ScalarStop is a Python framework for reproducible machine learning research.
It was written and open-sourced at Neocrym, where it is used to train thousands of models every week.
ScalarStop can help you:
- organize datasets and models with content-addressable names.
- save/load datasets and models to/from the filesystem.
- record hyperparameters and metrics to a relational database.
ScalarStop is a Python package that requires Python 3.8 or newer.
Currently, ScalarStop only supports tracking tf.data.Dataset datasets and tf.keras.Model models. As such, ScalarStop requires TensorFlow 2.8.0 or newer.
We encourage anybody that would like to add support for other machine learning frameworks to ScalarStop. :)
ScalarStop is available on PyPI.
If you are using TensorFlow on a CPU, you can install ScalarStop with the command:
python3 -m pip install scalarstop[tensorflow]
If you are using TensorFlow with GPUs, you can install ScalarStop with the command:
python3 -m pip install scalarstop[tensorflow-gpu]
If you intend to use ScalarStop with PostgreSQL, you should also install either psycopg2-binary (which works out of the box) or psycopg2 (which you compile from source).
Therefore, your installation command could look like either:
python3 -m pip install scalarstop[tensorflow,psycopg2]
python3 -m pip install scalarstop[tensorflow,psycopg2-binary]
python3 -m pip install scalarstop[tensorflow-gpu,psycopg2]
python3 -m pip install scalarstop[tensorflow-gpu,psycopg2-binary]
If you would like to make changes to ScalarStop, you can clone the repository from GitHub.
git clone https://github.com/scalarstop/scalarstop.git
cd scalarstop
python3 -m pip install .
Read the ScalarStop Tutorial to learn the core concepts behind ScalarStop and how to structure your datasets and models.
Afterwards, you might want to dig deeper into the ScalarStop Documentation. In general, a typical ScalarStop workflow involves four steps:
1. Organize your datasets with scalarstop.datablob.
2. Describe your machine learning model architectures using scalarstop.model_template.
3. Load, train, and save machine learning models with scalarstop.model.
4. Save hyperparameters and training metrics to a SQLite or PostgreSQL database using scalarstop.train_store.
We warmly welcome contributions to ScalarStop. Here are the technical details for getting started with adding code to ScalarStop.
First, clone this repository from GitHub. All development happens on the main
branch.
git clone https://github.com/scalarstop/scalarstop.git
Then, run make install
to install Python dependencies in a Poetry virtualenv.
You can run make help
to see the other commands that are available.
Run make fmt
to automatically format code.
Run make lint
to run Pylint and MyPy to check for errors.
Documentation is important! Here is how to add to it.
You can generate a local copy of our Sphinx documentation at scalarstop.com with make docs
.
The generated documentation can be found at docs/_build/dirhtml
. To view it, you should start an HTTP server in this directory, such as:
make docs
cd docs/_build/dirhtml
python3 -m http.server 5000
Then visit http://localhost:5000 in your browser to preview changes to the documentation.
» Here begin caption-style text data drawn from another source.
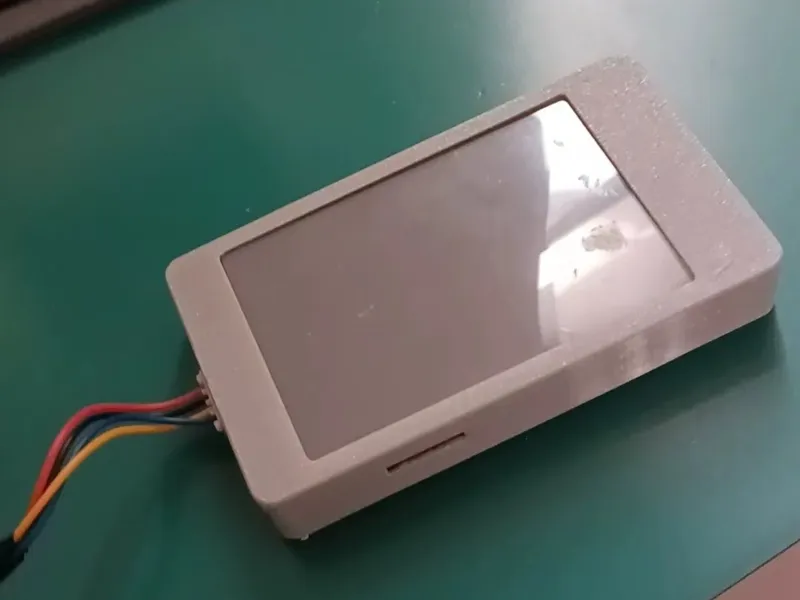淘晶驰3.5寸屏幕外壳螺丝版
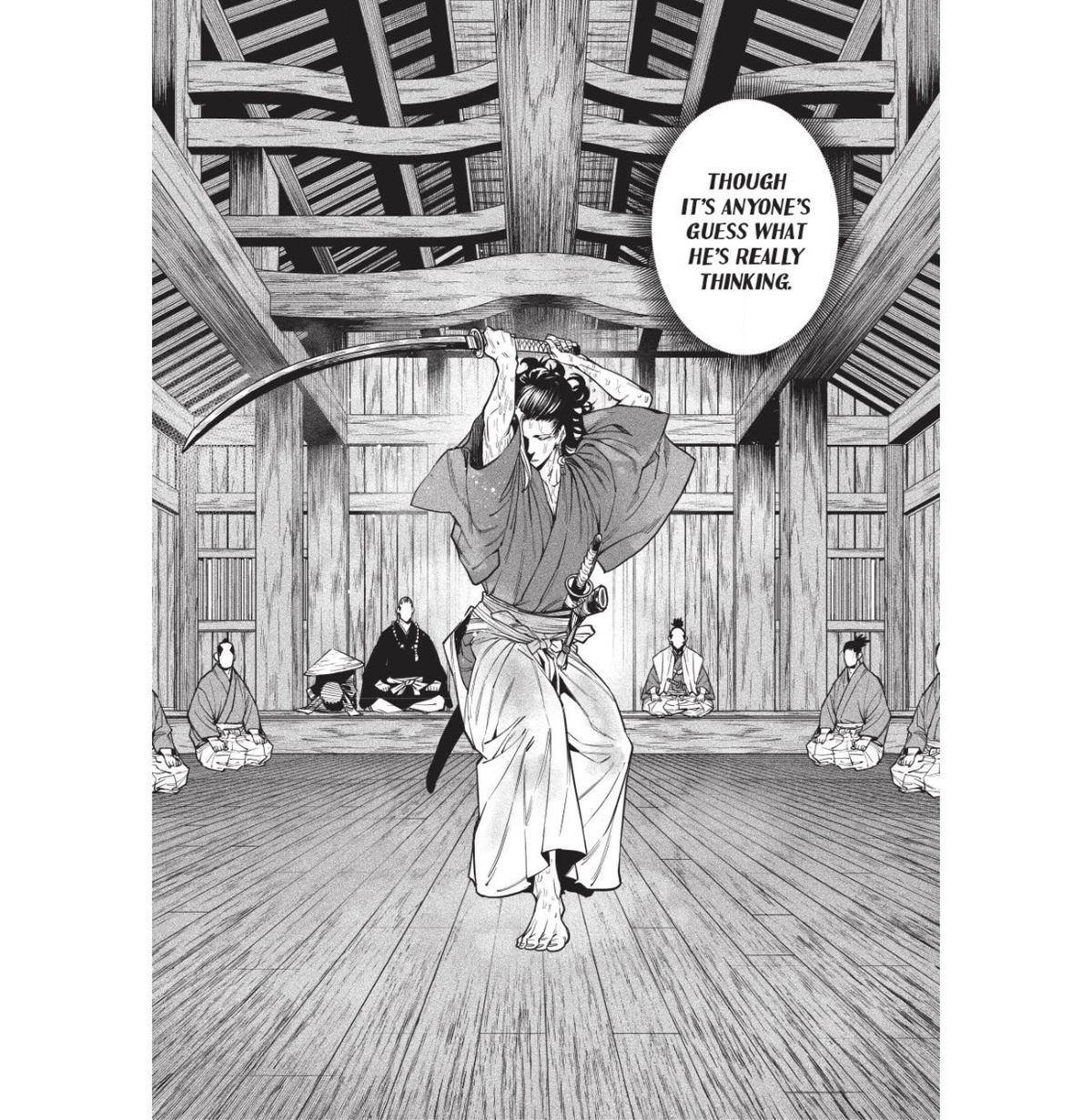 Tenkaichi - The Greatest Warrior Under the Rising Sun Chapter 59 page 14 - 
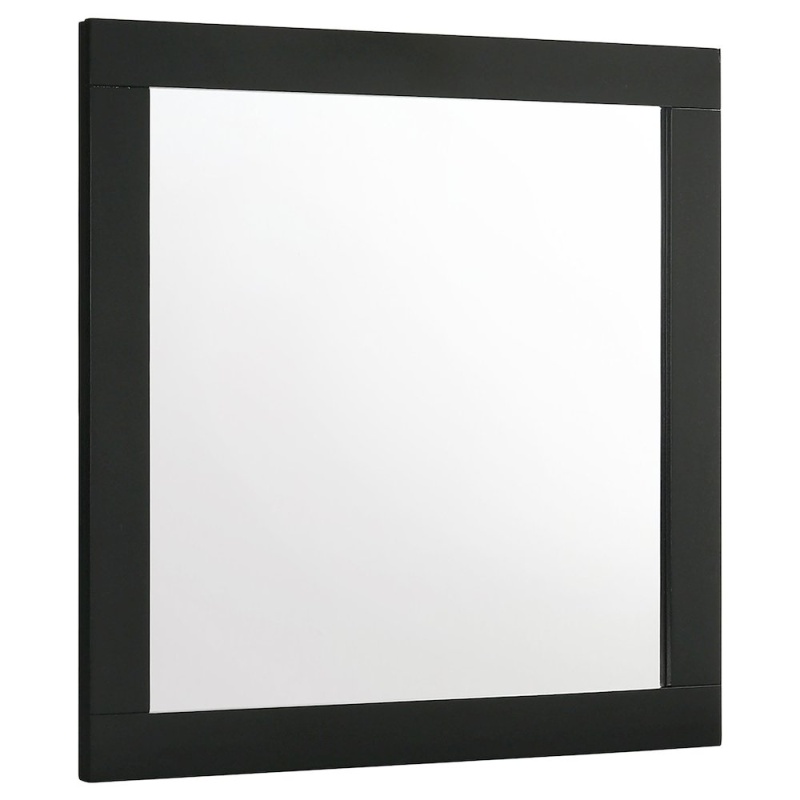 Caraway Dresser Mirror Black
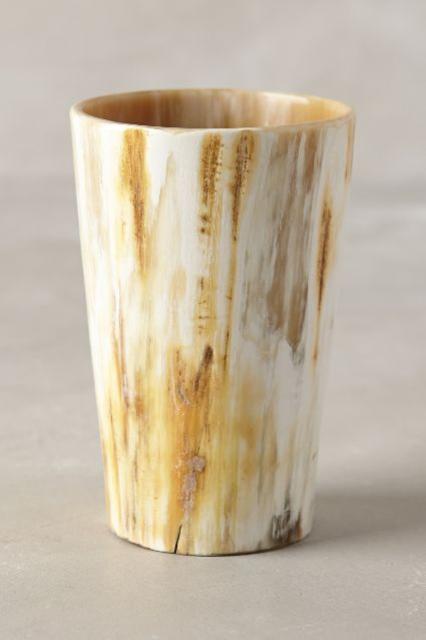 Bungalow Horn Bathroom Tumbler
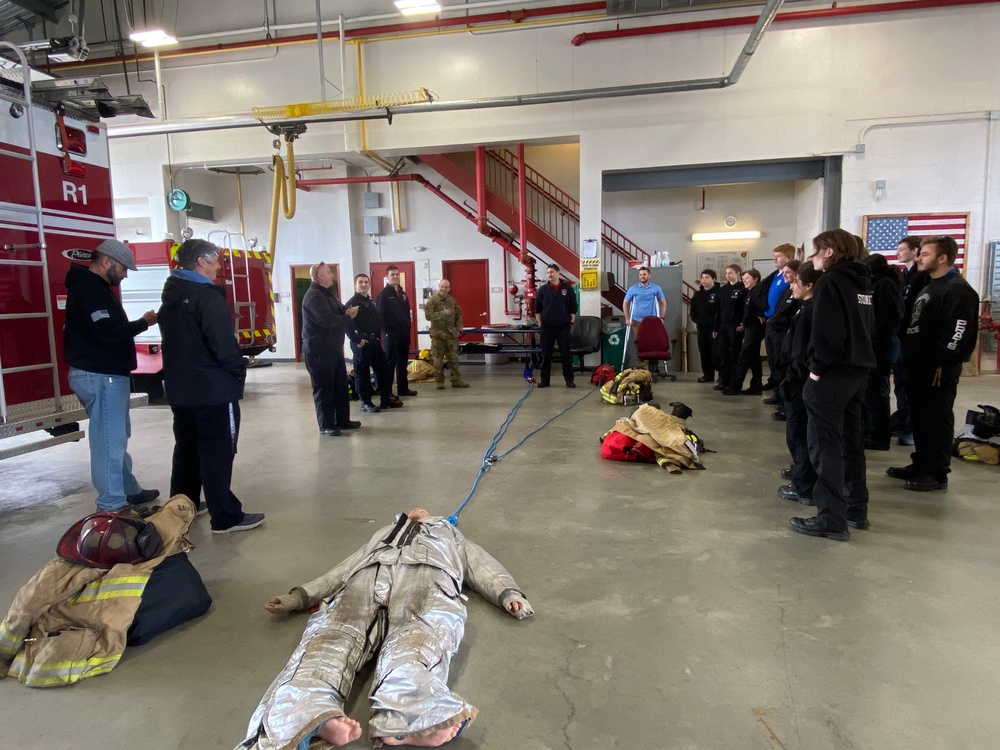 104th Fighter Wing hosts Smith Vocational and Agricultural High School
If you want to use Sphinx's ability to automatically generate hyperlinks to the Sphinx documentation of other Python projects, then you should configure intersphinx settings at the path docs/conf.py. If you need to download an objects.inv file, make sure to update the make update-sphinx
command in the Makefile.
The main ScalarStop tutorial is in a Jupyter notebook. If you have made changes to ScalarStop, you should rerun the Jupyter notebook on your machine with your changes to make sure that it still runs without error.
Run make test
to run all unit tests.
If you want to run a specific unit test, try running python3 -m poetry run python -m unittest -k {name of your test}
.
If you are running tests using a Python interpreter that does not have the SQLite3 JSON1 extension, then TrainStore unit tests involving SQLite3 will be skipped. This is likely to happen if you are using Python 3.8 on Windows. If you suspect that you are missing the SQLite3 JSON1 extension, the Django documentation has some suggestions for how to fix it.
By default, tests involving PostgreSQL are skipped. To enable PostgreSQL, run make test
in a shell where the environment variable TRAIN_STORE_CONNECTION_STRING
is set to a SQLAlchemy database connection URL--which looks something like "postgresql://scalarstop:changeme@localhost:5432/train_store"
. The connection URL should point to a working PostgreSQL database with an existing database and user.
The docker-compose.yml file in the root of this directory can set up a PostgreSQL instance on your local machine. If you have Docker and Docker Compose installed, you can start the PostgreSQL database by running docker-compose up
in the same directory as the docker-compose.yml file.
You can run make test-with-coverage
to collect Python line and branch coverage information. Afterwards, run make coverage-html
to generate an HTML report of unit test coverage. You can view the report in a web browser at the path htmlcov/index.html
.
ScalarStop's documentation is built with Sphinx using @pradyunsg's Furo theme and is hosted by Read the Docs.